WHAT THE TASK REQUIRES. Quote the entries below from the line with "BMW 318 Executive Blauw - 1" through the line with "Yeezy Boost 700", both ends included, and only those lines.

RECORDS FOR THE TASK.

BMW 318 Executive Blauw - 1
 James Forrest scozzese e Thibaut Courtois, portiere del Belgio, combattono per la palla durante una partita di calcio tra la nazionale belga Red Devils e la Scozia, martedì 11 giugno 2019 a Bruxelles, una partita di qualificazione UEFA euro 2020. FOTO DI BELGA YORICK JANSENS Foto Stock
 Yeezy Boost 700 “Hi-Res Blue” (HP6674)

* * *

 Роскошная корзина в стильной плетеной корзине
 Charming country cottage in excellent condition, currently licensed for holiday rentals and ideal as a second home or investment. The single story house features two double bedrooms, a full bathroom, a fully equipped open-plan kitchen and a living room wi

...

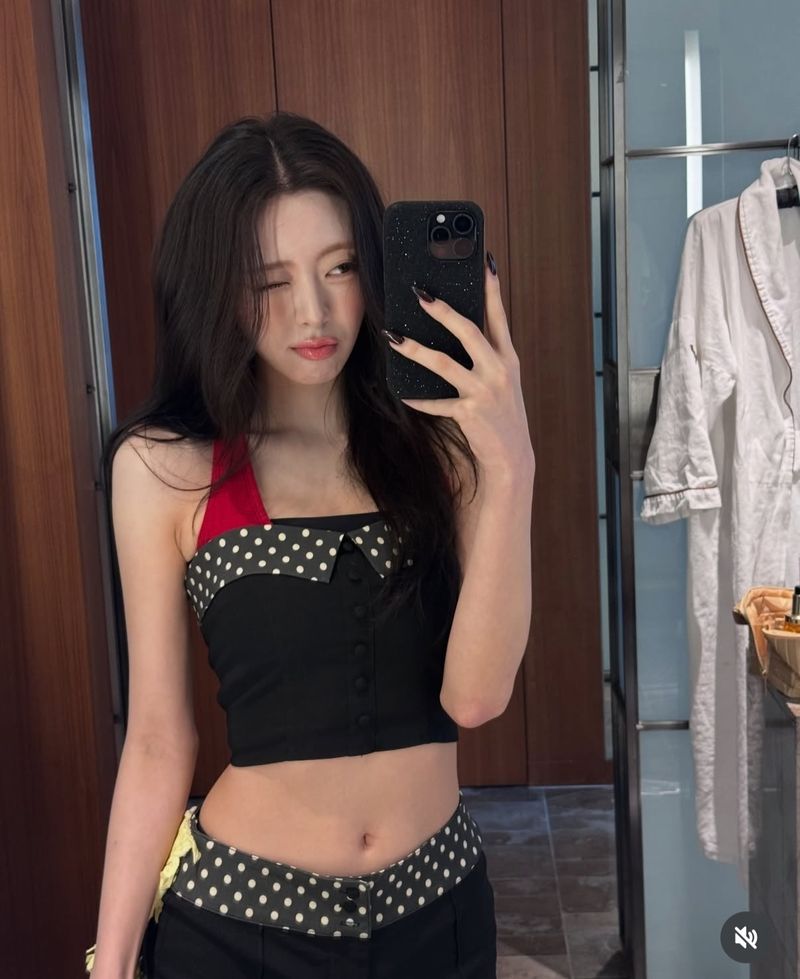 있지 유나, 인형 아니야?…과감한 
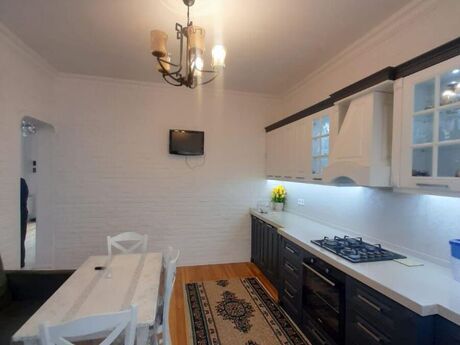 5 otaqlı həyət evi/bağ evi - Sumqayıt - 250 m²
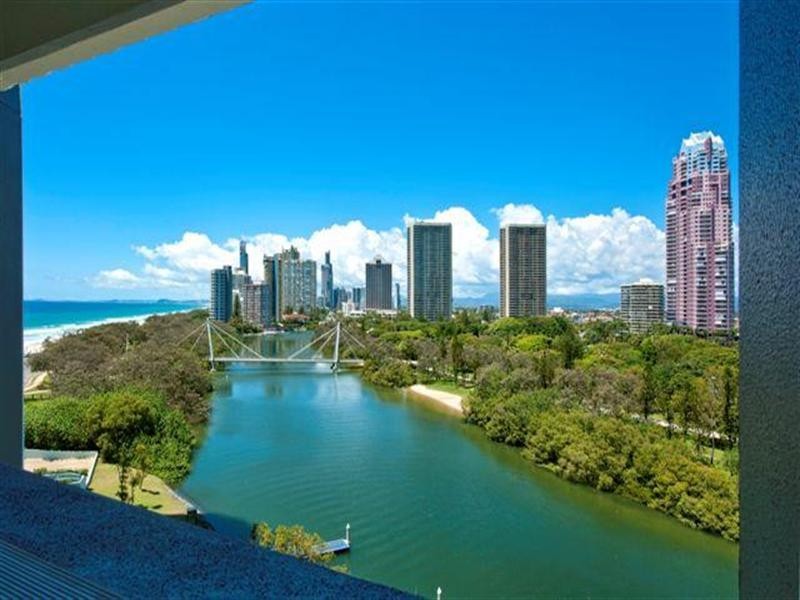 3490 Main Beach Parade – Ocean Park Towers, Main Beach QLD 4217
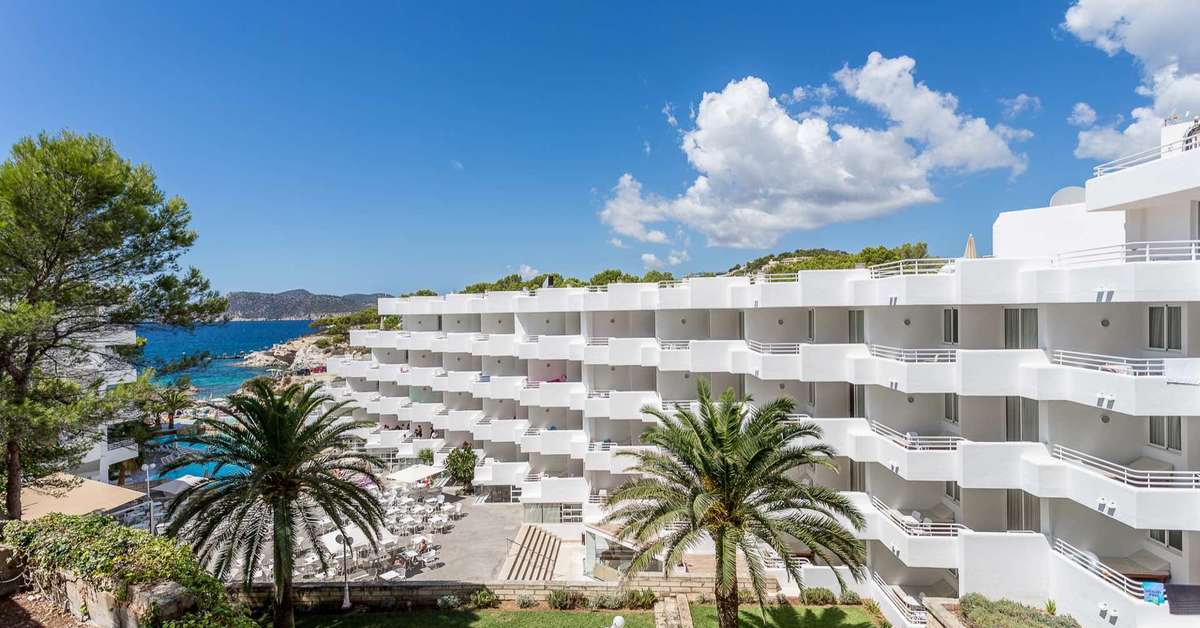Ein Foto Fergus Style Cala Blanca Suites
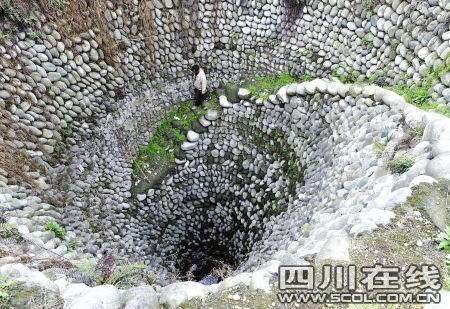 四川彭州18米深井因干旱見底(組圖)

RESULT OF THE TASK.
BMW 318 Executive Blauw - 1
 James Forrest scozzese e Thibaut Courtois, portiere del Belgio, combattono per la palla durante una partita di calcio tra la nazionale belga Red Devils e la Scozia, martedì 11 giugno 2019 a Bruxelles, una partita di qualificazione UEFA euro 2020. FOTO DI BELGA YORICK JANSENS Foto Stock
 Yeezy Boost 700 “Hi-Res Blue” (HP6674)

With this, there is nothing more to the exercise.